Michael: He started a couple of pieces after that, but Mary Rose is really his last major play. I’d say it’s a sort of swan song.
Most of us know Barrie as the writer of Peter Pan. Where does the story of Mary Rose take us that Peter Pan doesn’t?
Mary Rose has a sort of hair-raising quality to it. It turns out to be a very sad tale, although we’re fortunate that so much of Barrie’s writing is full of humor and heart-ache. Basically the theme of Mary Rose is: If you could have someone back again, what would it be like? Especially if you had no control over when they might return?
Peter Pan was written in 1904. Barrie had a string of hits after that, and then he wrote Mary Rose at the tail end of 1919. Now, Barrie wrote in order to understand events in his own life. He put so much of how he was feeling into his writing. But a lot changed between 1904 and 1919. The real-life boys he knew, who were the basis for the Lost Boys in Peter Pan, were nearly all gone — they were killed during the first World War.
So Mary Rose has a more wistful quality to it. We see Barrie musing on his desire to see those who have departed. He wonders what would happen if he could see them. It gives the play a haunting, lyrical quality.

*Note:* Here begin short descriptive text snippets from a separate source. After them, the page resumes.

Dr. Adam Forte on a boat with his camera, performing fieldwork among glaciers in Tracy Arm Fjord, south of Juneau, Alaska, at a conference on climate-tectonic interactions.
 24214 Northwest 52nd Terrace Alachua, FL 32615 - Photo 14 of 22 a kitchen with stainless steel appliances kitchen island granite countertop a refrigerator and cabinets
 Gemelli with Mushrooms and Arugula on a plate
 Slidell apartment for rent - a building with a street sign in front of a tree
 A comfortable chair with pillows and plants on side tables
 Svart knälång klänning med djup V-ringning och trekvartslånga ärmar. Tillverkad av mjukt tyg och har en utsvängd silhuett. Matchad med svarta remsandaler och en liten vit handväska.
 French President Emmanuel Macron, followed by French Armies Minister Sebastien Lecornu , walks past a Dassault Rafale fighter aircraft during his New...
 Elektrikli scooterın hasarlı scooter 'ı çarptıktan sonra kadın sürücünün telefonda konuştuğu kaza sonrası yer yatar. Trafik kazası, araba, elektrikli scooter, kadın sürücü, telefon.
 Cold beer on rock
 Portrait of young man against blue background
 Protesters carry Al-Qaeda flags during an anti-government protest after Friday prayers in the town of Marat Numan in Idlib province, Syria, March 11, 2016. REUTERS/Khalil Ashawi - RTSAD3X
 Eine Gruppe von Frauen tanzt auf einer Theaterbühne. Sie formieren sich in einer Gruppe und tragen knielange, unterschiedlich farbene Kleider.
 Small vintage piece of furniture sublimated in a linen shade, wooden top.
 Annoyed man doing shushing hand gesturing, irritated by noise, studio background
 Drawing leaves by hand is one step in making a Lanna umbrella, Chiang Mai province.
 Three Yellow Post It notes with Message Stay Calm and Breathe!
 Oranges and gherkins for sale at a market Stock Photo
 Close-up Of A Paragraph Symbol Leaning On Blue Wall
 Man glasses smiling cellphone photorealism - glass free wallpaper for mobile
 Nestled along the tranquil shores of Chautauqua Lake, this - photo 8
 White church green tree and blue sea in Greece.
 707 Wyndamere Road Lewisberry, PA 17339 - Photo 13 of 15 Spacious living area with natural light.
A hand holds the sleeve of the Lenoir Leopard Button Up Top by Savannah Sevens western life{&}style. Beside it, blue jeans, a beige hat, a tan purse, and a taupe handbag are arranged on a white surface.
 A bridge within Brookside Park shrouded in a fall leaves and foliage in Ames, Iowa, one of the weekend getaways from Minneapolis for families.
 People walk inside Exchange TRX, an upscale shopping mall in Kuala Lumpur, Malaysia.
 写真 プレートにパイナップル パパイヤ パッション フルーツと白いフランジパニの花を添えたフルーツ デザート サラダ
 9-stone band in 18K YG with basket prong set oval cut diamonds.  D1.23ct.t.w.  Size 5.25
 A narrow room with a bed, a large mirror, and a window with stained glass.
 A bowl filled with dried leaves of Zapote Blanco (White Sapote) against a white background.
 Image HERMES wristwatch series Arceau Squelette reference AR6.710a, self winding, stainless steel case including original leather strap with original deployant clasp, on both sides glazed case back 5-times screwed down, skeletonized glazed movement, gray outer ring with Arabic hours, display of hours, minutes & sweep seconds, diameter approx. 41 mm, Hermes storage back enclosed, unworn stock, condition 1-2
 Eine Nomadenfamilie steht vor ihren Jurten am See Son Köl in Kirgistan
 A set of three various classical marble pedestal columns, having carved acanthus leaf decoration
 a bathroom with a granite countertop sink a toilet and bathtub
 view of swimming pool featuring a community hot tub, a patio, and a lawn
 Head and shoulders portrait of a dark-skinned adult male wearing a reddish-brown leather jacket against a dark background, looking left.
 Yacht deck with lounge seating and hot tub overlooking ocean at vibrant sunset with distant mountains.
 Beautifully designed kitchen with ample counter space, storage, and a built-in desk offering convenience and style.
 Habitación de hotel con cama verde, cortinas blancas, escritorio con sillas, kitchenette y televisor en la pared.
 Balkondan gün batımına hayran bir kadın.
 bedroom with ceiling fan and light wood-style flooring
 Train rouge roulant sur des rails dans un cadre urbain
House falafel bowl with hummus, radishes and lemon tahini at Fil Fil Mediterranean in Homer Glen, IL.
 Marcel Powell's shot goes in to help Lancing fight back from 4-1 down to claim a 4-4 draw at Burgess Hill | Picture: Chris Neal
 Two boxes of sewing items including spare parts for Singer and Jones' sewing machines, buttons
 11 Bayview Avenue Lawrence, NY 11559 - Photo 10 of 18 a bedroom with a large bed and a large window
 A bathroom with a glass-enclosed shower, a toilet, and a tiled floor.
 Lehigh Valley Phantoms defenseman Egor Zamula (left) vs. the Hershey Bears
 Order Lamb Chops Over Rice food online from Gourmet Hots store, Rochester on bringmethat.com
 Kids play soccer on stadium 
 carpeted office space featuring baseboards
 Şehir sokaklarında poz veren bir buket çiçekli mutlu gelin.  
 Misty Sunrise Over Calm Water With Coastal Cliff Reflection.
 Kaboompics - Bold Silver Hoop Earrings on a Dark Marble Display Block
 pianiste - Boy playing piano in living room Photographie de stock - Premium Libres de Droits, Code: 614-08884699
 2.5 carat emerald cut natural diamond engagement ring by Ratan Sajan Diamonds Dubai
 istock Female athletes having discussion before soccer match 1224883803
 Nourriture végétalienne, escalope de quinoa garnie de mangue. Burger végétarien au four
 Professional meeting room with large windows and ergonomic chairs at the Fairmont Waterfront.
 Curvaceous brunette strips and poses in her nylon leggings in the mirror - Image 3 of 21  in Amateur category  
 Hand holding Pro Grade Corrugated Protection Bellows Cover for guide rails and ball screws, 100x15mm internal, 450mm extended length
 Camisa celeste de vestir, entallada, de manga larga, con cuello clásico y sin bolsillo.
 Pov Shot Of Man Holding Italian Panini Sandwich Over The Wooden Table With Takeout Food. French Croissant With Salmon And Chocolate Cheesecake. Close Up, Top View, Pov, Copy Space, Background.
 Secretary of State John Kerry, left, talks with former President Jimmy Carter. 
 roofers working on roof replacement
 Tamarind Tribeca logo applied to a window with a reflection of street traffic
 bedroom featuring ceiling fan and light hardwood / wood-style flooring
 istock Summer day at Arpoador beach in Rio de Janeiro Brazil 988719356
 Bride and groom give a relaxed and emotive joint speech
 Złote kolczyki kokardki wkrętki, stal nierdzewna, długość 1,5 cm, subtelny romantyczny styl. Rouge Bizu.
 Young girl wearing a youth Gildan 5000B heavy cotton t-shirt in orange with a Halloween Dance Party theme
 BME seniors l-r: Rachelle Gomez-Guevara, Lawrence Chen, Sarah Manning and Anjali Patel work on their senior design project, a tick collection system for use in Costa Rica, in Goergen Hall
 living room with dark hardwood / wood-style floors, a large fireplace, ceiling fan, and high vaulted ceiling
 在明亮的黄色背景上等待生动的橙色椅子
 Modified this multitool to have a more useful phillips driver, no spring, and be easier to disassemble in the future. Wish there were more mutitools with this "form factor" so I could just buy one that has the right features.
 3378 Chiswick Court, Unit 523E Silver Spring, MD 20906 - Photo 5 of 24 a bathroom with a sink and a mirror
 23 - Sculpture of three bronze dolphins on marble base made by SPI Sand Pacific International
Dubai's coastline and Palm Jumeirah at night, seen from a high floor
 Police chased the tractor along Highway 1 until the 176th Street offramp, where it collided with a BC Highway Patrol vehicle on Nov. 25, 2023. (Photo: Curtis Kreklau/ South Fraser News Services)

How do you summarize the plot?
It’s hard to sum up without giving away too much. But it’s about a young girl, Mary Rose, who goes on vacation with her parents to the Hebrides islands in Scotland. And while she’s there she disappears. She’s missing for 30 days. And then, when she reappears, she doesn’t know that any time has passed since she left. A few years go by — she marries and has a child — and she takes a trip with her new family back to the island. And again she disappears, this time for 25 years. Everyone has aged considerably when she returns, thinking again that no time has passed. Her family has to reckon with that.
London loved J. B. Barrie when Mary Rose premiered there in 1920. The show ran for 398 performances — it was a hit. It came to Broadway the next year, where it ran for a long time and was positively received. But unfortunately the play isn’t produced very often.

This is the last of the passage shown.